» **Problem statement**: Set down exactly the lines from the first line of the records through the line that contains "You can try", and leave every picture out.

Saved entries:
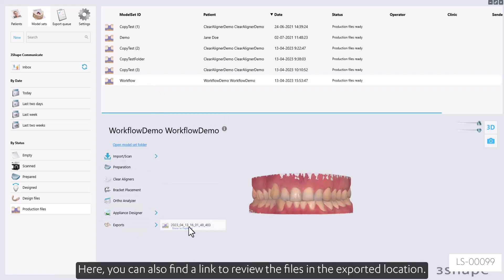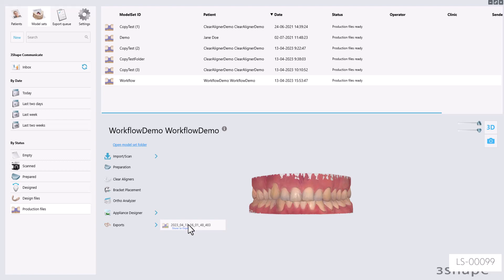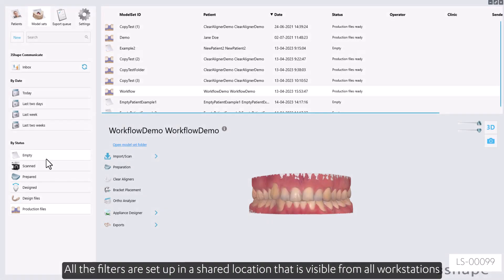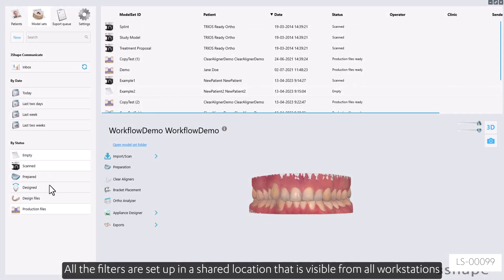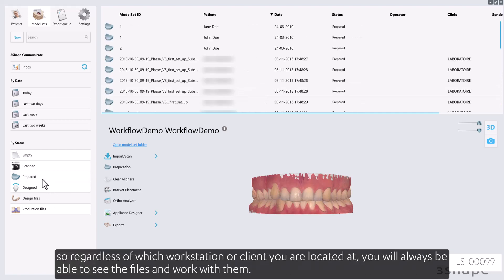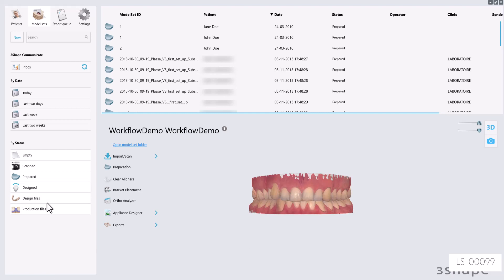Here, you can also find a link to review the files in the exported location. All the filters are set up in a shared location that is visible from all workstations, so regardless of which workstation or client you are located at, you will always be able to see the files and work with them.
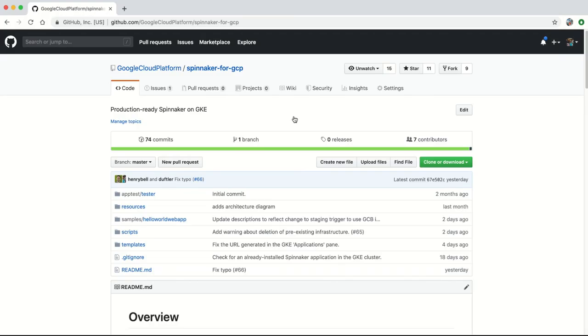You can try out the solution today. Just search for Spinnaker for Google Cloud Platform on cloud.google.com.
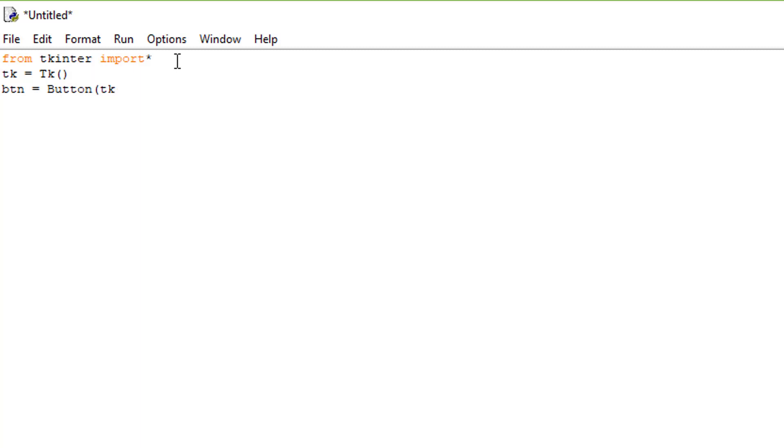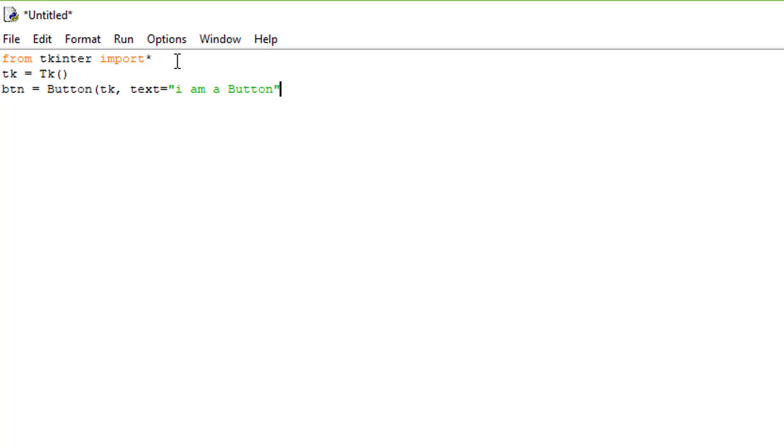Comma text equals I am a button. Now you can make this say whatever you want, it doesn't really matter, but you could do that afterwards. After just doing this because you're first starting out making the button, enter btn dot pack parens. Enter, now we're going to click run.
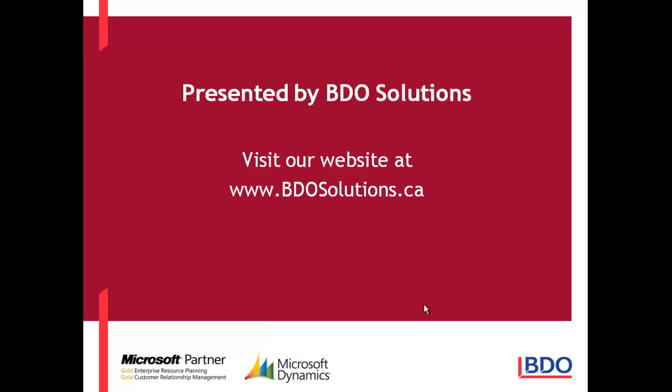This ends our video for today. BDO Solutions thanks you for joining us and please check out our website at www.bdosolutions.ca.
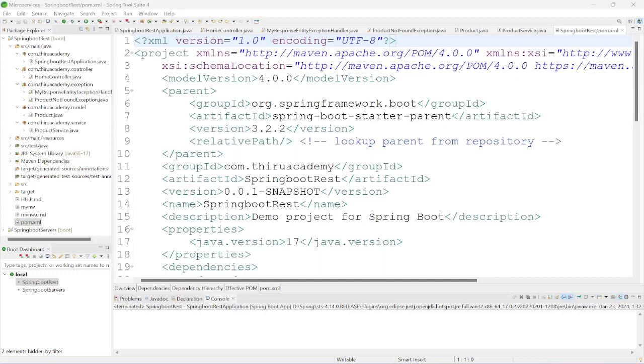Hi, welcome to Thero Academy. Today we are going to see about a simple Spring Boot REST application with exception handling.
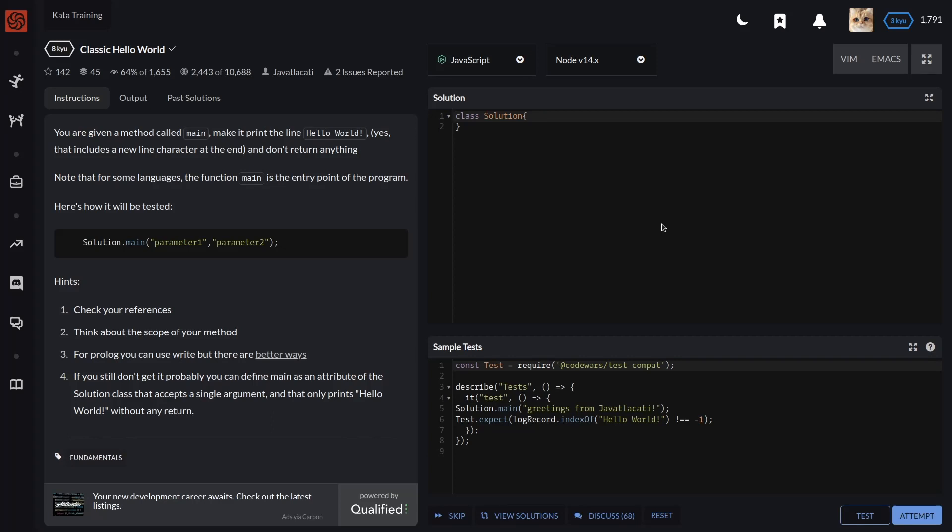64% of users gave positive feedback. You are given a method called main; make it print the line Hello World. That includes a new line character at the end and don't return anything. Note that for some languages, the function main is the entry point of the program.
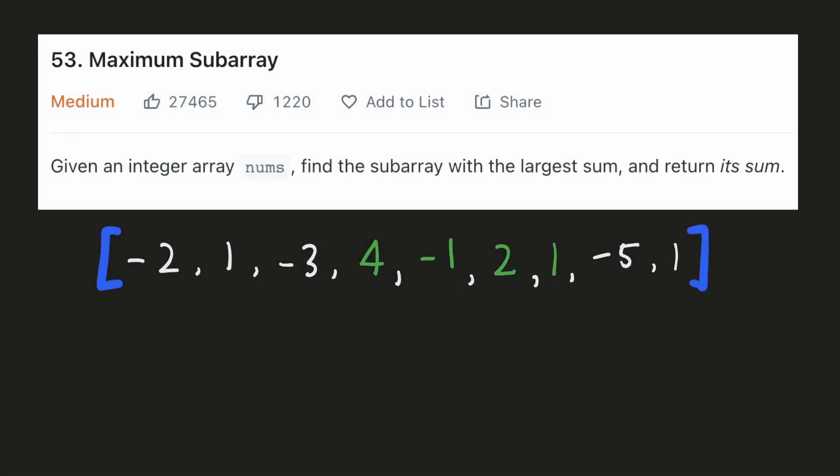Hello everyone, let's try to be a cheat code ninja today. In this problem we are given an array and we have to find the subarray with the largest sum.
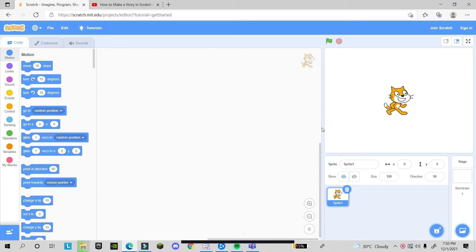Hello guys, today I am with Scratch again and I am showing you something interesting. I am doing Scratch because most of my friends and students ask me to do new things and new ideas on Scratch.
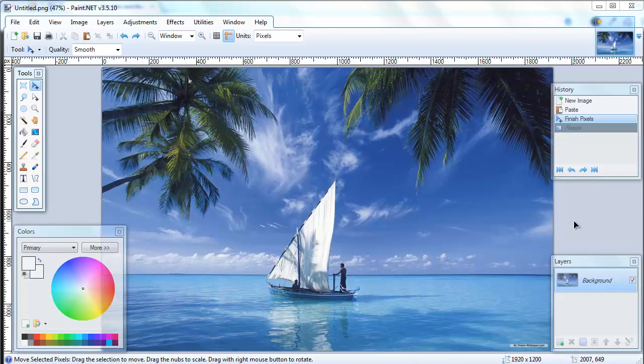All right everybody, just a quick video tutorial on how to resize your images for the web using paint.net. Paint.net is a free program that you can get online. Let's jump in there. Now when looking at resizing images for the web...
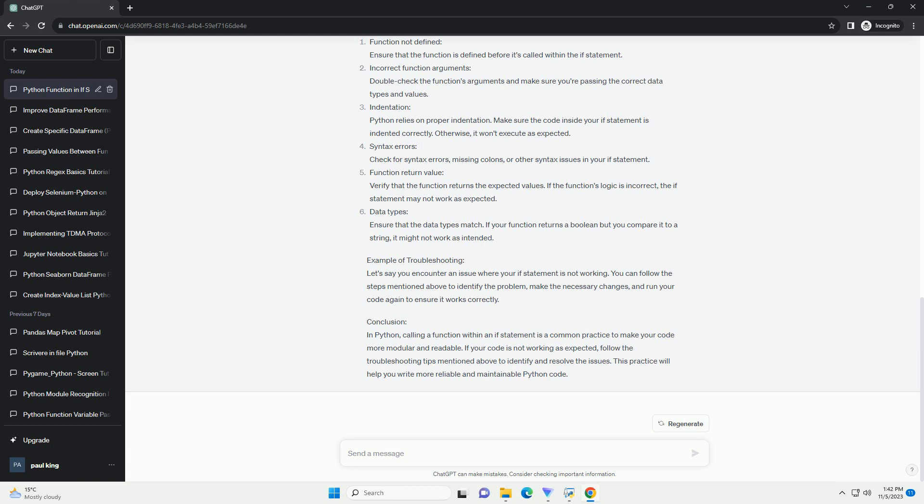Syntax errors: check for syntax errors, missing colons, or other syntax issues in your if statement. Function return value: verify that the function returns the expected values. If the function's logic is incorrect, the if statement may not work as expected. Data types: ensure that the data types match. If your function returns a boolean but you compare it to a string, it might not work as intended.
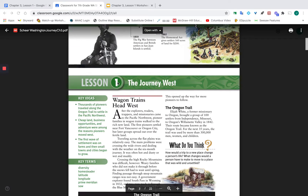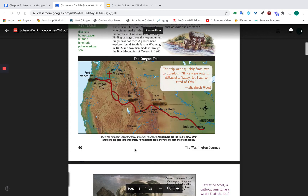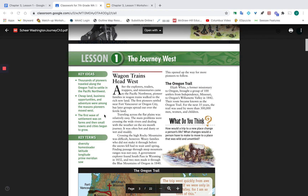Page 60 — again, don't go off the page reader here, go off the actual page numbers from the book. Page 60 starts here, and it's a lot about the Oregon Trail.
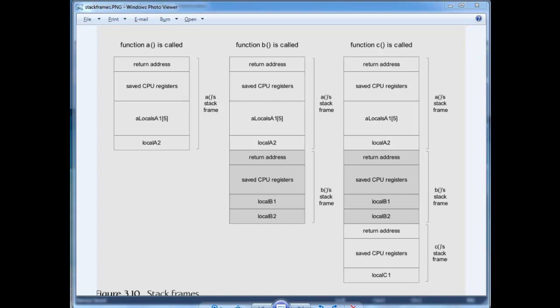So in the book is this diagram here, figure 310. And it shows basically the process of how a stack grows as functions are called.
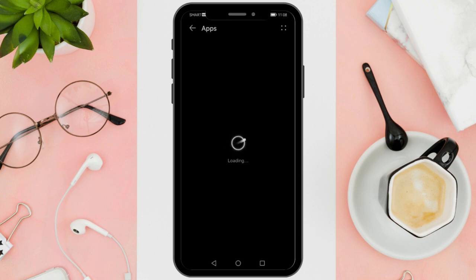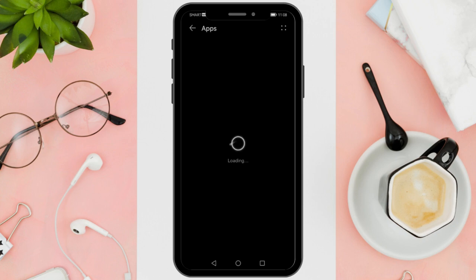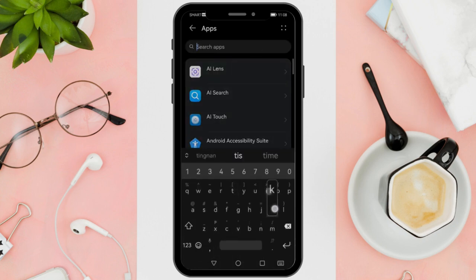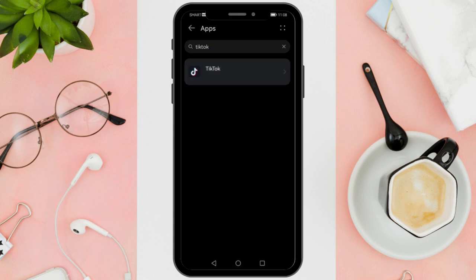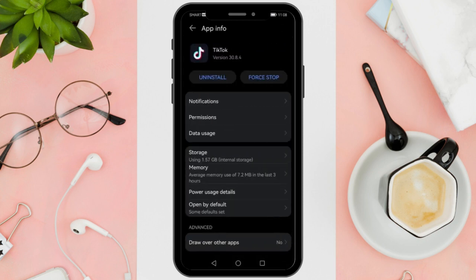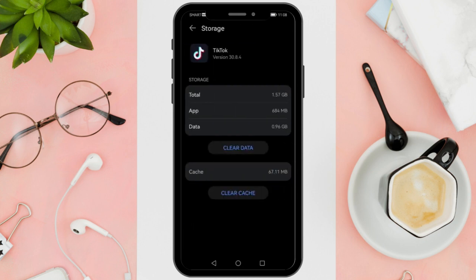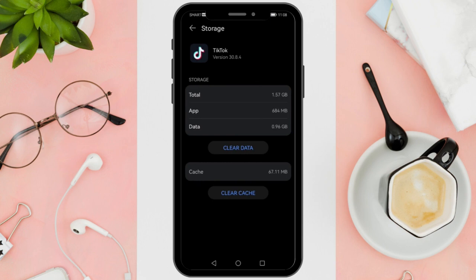Once that is done, click on reinstall. After a brief pause, the app will be reinstalled, ensuring you have the latest version. Launch TikTok again and the swipe feature should now be available and functioning properly.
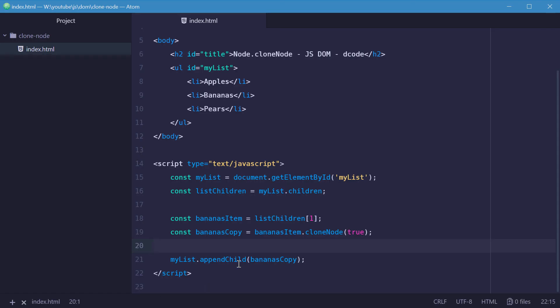And that is how you can use the node.cloneNode method in JavaScript. Thank you for watching, and I'll see you later.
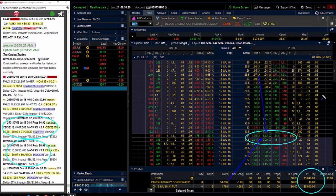So we see July 34 puts trading here, $5,040 profit. So an unbelievable trade here in Devon. You can also see here,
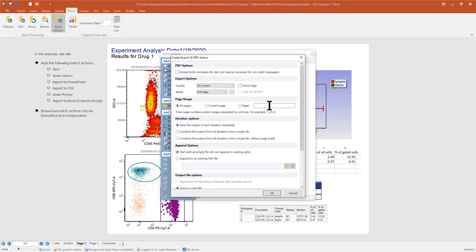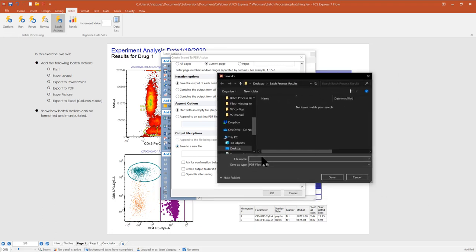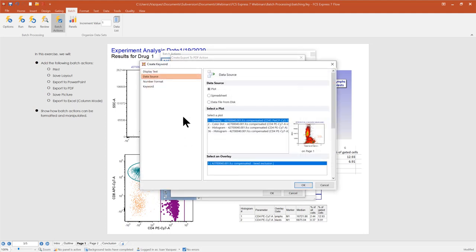The PDF setup is similar to PowerPoint. You can set the quality, mode, which pages go to PDF, and whether FCS Express saves each iteration as its own PDF, combines them into a single PDF, or appends to an existing PDF. Then define where to save the information, and you can also have FCS Express uniquely name the PDF using the same keyword as earlier.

» **Solution for this exercise**:
Here, you can also find a link to review the files in the exported location. All the filters are set up in a shared location that is visible from all workstations, so regardless of which workstation or client you are located at, you will always be able to see the files and work with them.
You can try out the solution today. Just search for Spinnaker for Google Cloud Platform on cloud.google.com.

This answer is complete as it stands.